In Morrowind, the Imperial Cult is the thing I think of when it comes to how the lore was handled in the transition between games. In Daggerfall, the various dieties were worshiped by different temples that were often actively hostile to one another. But the Imperial Cult members you meet in Morrowind explain that the local religious issues mean they had to band together to compete with the strong, unified Tribunal Temple, and that the unified Imperial Cult we see in Morrowind with the Nine Divines as a unified pantheon is a local abberation. It was actual effort and respect for what had come before, even if things had to be changed.

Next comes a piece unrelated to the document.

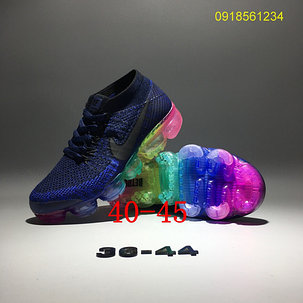 Кроссовки Nike Air Vapor Max 2018 , фото 2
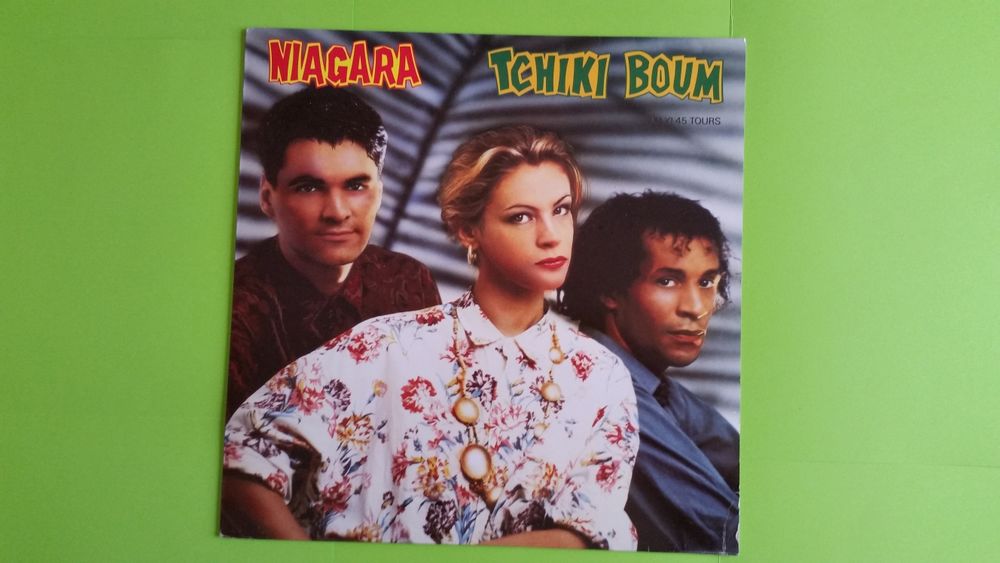 NIAGARA 0 Toulouse (31)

By the time we got to Skyrim, I'd stopped even expecting them to even try, but the use of the Falmer still bugged the crap out of me, given what we learn about the Falmer in Blood Moon. Why bother using the name of a group of elves who'd fallen into myth for a group of elves that it's common knowledge have been attacking people in Skyrim for ages?
I didn't actually play the expansions for Skyrim. Not enough motivation to try. But I'm given to understand that the vampire one had the myth of Molag Bal creating the first vampires confirmed by the vampires you meet in that. Despite the fact that when you go talk to Molag Bal about a vampirism cure in Morrowind, he notes that he had to go talk to Vaermina about the cure.